▶ [SUPPLIED DATA]
************

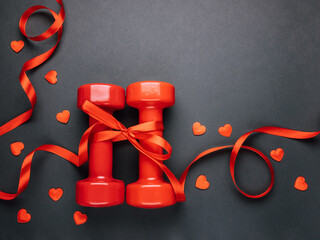 Red dumbbells wrapped in red ribbon as a gift for Valentine's Day.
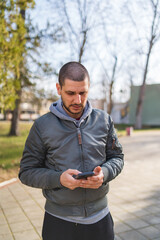 A man using and talking on his phone outside in park during the day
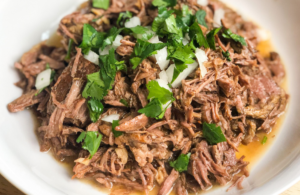 slow cooker barbacoa featured Pinterest image with title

************

▶ [WHAT YOU WILL DO]
The answer should be the full material above, printed exactly, with no pictures in it.

▶ [ANSWER BOX]
 Red dumbbells wrapped in red ribbon as a gift for Valentine's Day.
 A man using and talking on his phone outside in park during the day
 slow cooker barbacoa featured Pinterest image with title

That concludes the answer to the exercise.